Which raises this case’s longest shadow: Nick’s father, who was not present at his son’s arraignment, possibly because he and Nicholas have a painful history. Or it might be because in 2009, the Manhattan district attorney indicted Joseph Brooks, a onetime composer and director and an Academy Award winner, for serial sexual assault.
Raised in New York, Joe, now 72, first made his name in the sixties as a composer of ad music. He wrote, among other jingles, Pepsi’s “You’ve Got a Lot to Live” and Maxwell House’s “Good to the Last Drop Feeling.” (His brother, Gilbert Kaplan, an amateur Mahler scholar, founded Institutional Investor magazine in his twenties.) By his thirties, Joe was very wealthy, but he hadn’t achieved the same level of fame that his music had. So he attempted to woo Hollywood with a series of makeshift and increasingly bizarre films.
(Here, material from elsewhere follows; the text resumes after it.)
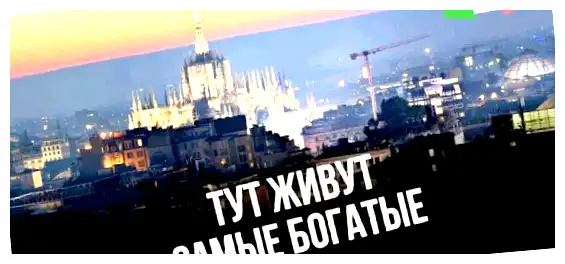 В каком городе живут самые богатые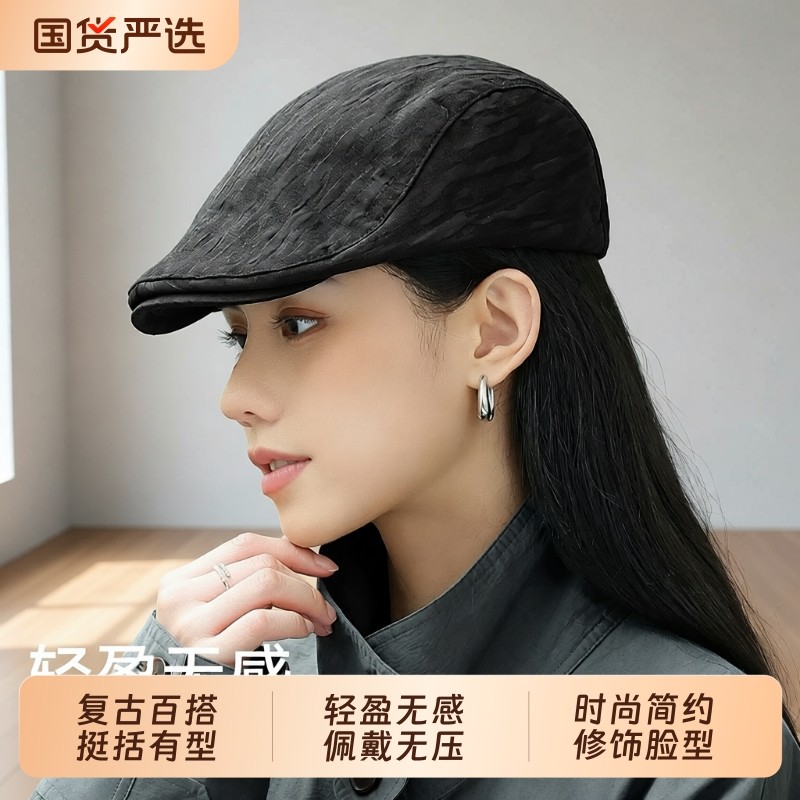 帽子女款2025夏季女士贝雷帽日系复古透气前进帽显脸小条纹褶皱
He managed a single hit, 1977’s You Light Up My Life, which he wrote, directed, scored, and financed, but “he really didn’t know what the hell he was doing. He was an egomaniac,” recalls one of the film’s actors, Stephen Nathan. Nonetheless, Joe won an Oscar for Best Original Song for its title track (a Debby Boone version also topped the Billboard chart). Flush with success, Joe went on to co-write, direct, score, and produce his next film, the obscure flop If Ever I See You Again, about a rich ad-jingle writer with dreams of breaking into Hollywood. He insisted on starring in the movie, too, despite suffering from a severe stutter. As the Times’ Janet Maslin observed in her review of the film, Joe’s semi-autobiographical protagonist “is an ambitious egomaniac whose immodesty knows no bounds.”